Analysis: Fukushima and the 'nuclear renaissance' that wasn't

From CNN:

A month after a devastating earthquake sent a wall of water across the Japanese landscape, the global terrain of the atomic power industry has been forever altered.
The ongoing drama at the power plant in Fukushima -- a name now ranked alongside Three Mile Island and Chernobyl as history's worst nuclear accidents -- has erased the momentum the nuclear industry has seen in recent years.

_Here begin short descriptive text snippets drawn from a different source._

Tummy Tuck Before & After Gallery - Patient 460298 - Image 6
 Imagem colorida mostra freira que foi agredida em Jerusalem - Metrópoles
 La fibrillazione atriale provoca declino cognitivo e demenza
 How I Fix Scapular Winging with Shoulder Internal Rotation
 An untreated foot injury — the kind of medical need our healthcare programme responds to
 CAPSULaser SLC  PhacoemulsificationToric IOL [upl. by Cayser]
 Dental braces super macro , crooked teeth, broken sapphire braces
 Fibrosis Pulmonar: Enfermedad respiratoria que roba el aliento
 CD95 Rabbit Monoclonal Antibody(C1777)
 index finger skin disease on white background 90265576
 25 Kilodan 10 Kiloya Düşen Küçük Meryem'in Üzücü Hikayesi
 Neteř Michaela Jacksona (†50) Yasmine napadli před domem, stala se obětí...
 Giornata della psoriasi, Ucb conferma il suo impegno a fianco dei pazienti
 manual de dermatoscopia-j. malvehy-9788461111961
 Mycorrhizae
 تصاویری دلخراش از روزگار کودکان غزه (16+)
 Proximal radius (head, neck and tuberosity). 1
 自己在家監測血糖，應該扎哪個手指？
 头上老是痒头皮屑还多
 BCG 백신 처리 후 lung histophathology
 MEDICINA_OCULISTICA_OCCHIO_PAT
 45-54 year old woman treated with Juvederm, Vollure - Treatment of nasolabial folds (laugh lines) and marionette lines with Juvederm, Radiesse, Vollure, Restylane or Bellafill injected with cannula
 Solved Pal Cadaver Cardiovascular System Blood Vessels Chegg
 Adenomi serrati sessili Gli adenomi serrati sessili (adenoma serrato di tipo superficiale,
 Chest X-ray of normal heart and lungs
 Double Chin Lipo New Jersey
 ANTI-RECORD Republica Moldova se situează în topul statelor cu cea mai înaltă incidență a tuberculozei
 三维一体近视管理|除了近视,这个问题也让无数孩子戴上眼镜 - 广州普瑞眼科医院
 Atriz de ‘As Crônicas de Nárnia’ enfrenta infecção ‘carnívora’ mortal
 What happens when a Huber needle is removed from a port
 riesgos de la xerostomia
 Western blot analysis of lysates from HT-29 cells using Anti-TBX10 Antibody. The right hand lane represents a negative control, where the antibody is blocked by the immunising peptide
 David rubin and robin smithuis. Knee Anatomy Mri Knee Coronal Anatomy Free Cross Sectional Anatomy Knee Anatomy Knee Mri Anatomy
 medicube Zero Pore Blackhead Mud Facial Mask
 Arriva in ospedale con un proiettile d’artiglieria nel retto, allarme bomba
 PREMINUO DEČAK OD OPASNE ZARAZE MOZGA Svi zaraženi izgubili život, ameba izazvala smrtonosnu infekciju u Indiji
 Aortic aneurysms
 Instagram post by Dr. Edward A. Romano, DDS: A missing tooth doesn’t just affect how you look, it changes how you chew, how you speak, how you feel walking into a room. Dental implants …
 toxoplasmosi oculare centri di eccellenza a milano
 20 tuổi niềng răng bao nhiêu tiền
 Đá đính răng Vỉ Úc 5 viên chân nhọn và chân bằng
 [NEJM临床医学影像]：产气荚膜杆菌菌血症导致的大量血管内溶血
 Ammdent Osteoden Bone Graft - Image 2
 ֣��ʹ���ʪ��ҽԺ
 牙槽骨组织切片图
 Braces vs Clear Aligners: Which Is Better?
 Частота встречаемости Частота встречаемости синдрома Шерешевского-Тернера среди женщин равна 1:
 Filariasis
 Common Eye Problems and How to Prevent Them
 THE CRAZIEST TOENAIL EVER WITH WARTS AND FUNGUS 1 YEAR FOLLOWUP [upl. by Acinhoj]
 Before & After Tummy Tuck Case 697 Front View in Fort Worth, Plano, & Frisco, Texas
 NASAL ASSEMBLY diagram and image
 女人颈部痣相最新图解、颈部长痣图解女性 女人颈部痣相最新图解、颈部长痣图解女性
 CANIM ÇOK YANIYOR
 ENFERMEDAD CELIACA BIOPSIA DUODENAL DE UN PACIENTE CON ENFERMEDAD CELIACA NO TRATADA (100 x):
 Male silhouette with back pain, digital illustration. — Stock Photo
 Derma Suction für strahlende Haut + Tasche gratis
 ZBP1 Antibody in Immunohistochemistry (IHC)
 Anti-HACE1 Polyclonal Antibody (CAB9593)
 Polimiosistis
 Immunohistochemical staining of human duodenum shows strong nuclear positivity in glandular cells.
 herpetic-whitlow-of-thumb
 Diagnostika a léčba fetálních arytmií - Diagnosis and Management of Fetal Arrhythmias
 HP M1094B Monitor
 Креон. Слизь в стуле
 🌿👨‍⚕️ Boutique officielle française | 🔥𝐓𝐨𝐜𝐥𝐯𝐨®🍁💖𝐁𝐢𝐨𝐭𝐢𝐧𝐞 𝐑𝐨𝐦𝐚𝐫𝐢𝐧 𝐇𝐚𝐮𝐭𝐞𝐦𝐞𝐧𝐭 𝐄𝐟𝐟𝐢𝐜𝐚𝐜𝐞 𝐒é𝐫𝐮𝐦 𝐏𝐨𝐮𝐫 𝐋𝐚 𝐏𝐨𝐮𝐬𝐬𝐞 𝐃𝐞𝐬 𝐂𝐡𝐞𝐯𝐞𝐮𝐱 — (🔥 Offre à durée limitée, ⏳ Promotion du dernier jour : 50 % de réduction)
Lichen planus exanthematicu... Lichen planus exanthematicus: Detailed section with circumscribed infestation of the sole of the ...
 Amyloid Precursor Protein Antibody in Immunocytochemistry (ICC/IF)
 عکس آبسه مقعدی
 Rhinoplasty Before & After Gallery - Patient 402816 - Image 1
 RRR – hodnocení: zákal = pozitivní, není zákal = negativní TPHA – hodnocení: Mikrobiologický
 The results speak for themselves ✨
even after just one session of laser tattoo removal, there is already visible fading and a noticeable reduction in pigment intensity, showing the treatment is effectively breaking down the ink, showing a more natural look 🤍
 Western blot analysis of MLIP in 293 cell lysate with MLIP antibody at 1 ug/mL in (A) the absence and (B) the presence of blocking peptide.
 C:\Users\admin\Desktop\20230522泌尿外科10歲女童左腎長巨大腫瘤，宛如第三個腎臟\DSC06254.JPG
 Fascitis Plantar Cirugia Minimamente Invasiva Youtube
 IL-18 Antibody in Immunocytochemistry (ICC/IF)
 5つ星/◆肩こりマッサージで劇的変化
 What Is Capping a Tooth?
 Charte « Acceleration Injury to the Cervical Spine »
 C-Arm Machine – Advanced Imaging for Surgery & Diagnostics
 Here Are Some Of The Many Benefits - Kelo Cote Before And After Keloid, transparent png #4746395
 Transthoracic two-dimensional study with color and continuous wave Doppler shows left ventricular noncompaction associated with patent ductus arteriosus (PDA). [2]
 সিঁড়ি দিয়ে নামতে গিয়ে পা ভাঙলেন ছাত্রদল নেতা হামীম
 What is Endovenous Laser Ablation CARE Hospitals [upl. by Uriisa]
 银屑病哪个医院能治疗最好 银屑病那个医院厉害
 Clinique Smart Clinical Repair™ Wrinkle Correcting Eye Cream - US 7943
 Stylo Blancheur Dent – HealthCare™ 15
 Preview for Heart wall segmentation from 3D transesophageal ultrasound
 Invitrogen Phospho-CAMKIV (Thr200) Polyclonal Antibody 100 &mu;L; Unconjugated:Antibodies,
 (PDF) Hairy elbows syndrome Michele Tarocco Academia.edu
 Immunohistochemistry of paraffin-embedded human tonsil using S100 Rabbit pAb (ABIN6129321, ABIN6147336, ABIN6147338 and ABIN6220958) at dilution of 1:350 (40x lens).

The growth in the emerging world, such as China and India, fueled increased demand in planned reactors. Oil-rich regions like the United Arab Emirates and smaller nations like Vietnam announced plans to build nuclear reactors in the past year. Once the bane of environmentalists, the nuclear industry enjoyed newfound "green" credentials as a cleaner alternative to coal-fired plants that belch greenhouse gases to produce electricity.
Before Fukushima, a "nuclear renaissance" -- as it was termed in the press -- seemed well underway, except for this point: Nuclear power, as a total of world energy supply, has been in steady decline for the past decade.
From 2000 to 2008, nuclear energy dropped from 16.7% to 13.5% of global energy production, according to the World Nuclear Industry Status Report 2009. The 2010-11 preliminary report, expected to be released Wednesday, will show the downward trend has continued, according to study author Mycle Schneider. While nuclear energy production has steadily increased, its piece of the global electricity pie is shrinking compared to traditional sources such as coal and alternatives like wind and solar power.